Sebbene l’uso degli anestetici volatili in terapia intensiva sia generalmente sicuro, esistono alcune controindicazioni da considerare:

  • Ipertermia maligna: rappresenta una controindicazione assoluta. L’uso di agenti alogenati deve essere evitato nei pazienti con una storia personale o familiare di ipertermia maligna [4,16].
  • Reazioni idiosincratiche agli alogenati: in caso di precedenti episodi di epatotossicità da anestetici volatili, l’impiego dovrebbe essere evitato per rischio di recidiva [16].
  • Aumento della pressione intracranica: sebbene l’evidenza sia controversa, è consigliabile usare cautela nei pazienti con ipertensione endocranica non controllata, a causa della possibile vasodilatazione cerebrale indotta dagli agenti volatili [7,16].
  • Instabilità emodinamica: l’effetto vasodilatatore sistemico può accentuare stati di ipotensione. L’uso richiede monitoraggio attento e un bilancio accurato tra beneficio sedativo e rischio emodinamico [7].
  • Gravidanza: i dati sull’uso in gravidanza sono limitati e, in assenza di indicazioni specifiche, l’impiego è da valutare caso per caso [16].
  • Bassi volumi correnti: lo spazio morto del riflettore rappresenta un limite importante. L’utilizzo del sistema AnaConDa™ è controindicato quando il volume corrente impostato sul ventilatore è inferiore a 350 ml con il riflettore da 100 ml, o inferiore a 200 ml con il riflettore da 50 ml [5].

Conclusioni

L’impiego degli anestetici inalatori in terapia intensiva rappresenta una strategia sedativa sempre più esplorata, sostenuta da solidi presupposti farmacologici e da un crescente corpo di evidenze cliniche. Le caratteristiche farmacocinetiche favorevoli, l’assenza di accumulo e la possibilità di un rapido recupero funzionale rendono questi agenti particolarmente adatti alla sedazione prolungata dei pazienti ventilati. L’introduzione di dispositivi dedicati come AnaConDa™ ha reso concretamente attuabile la loro somministrazione anche al di fuori della sala operatoria.
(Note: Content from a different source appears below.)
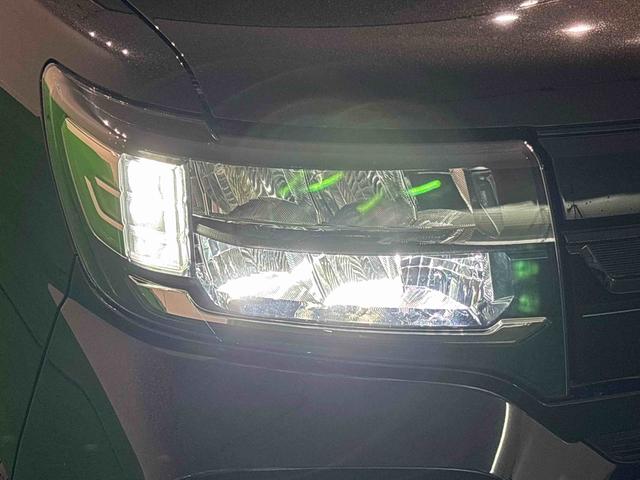 タントファンクロスＬＥＤオートライト　パワースライドドアウェルカムオープン機能　電動パーキングブレーキ　運転席助手席シートヒーター　アルミホイール　キーフリーシステム　　オート電動格納式ドアミラー（広島県）の中古車
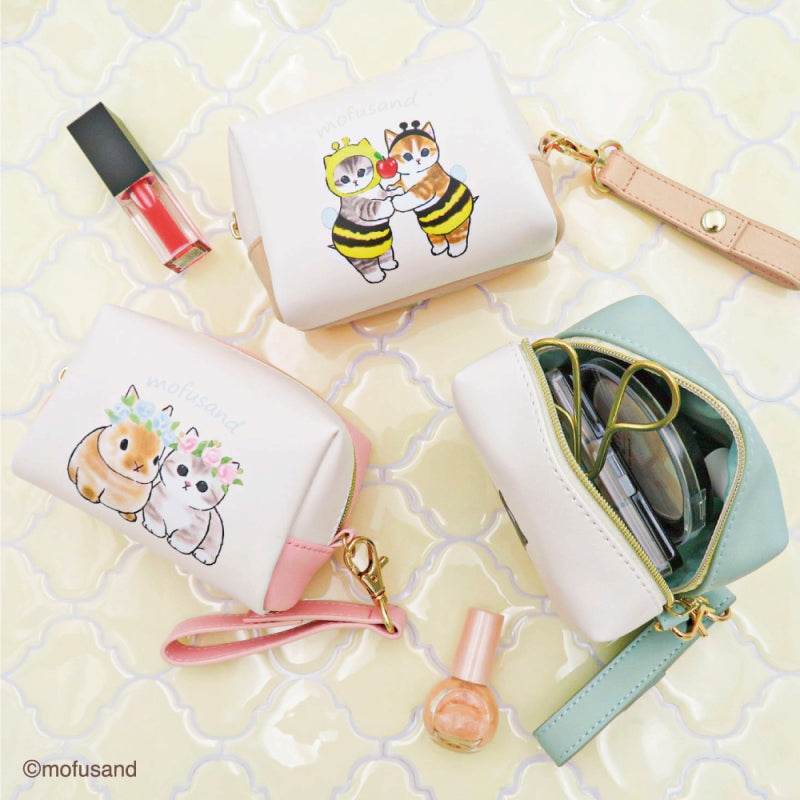 mofusand Mini Mini Pouch (Rabbit)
Tuttavia, il loro utilizzo sistematico in terapia intensiva richiede un’attenta valutazione del rapporto rischio-beneficio, tenendo conto delle indicazioni cliniche specifiche, delle controindicazioni note e delle limitazioni tecniche legate alla gestione del dispositivo. La disponibilità di dispositivi a basso spazio morto, l’adozione di protocolli condivisi e un’adeguata formazione del personale sono condizioni essenziali per un impiego sicuro ed efficace.

In un contesto clinico in continua evoluzione, l’integrazione degli anestetici inalatori nei protocolli di sedazione intensiva potrebbe rappresentare un importante passo avanti. Ulteriori studi randomizzati controllati saranno fondamentali per definire con maggiore precisione i benefici e i limiti di questa tecnica.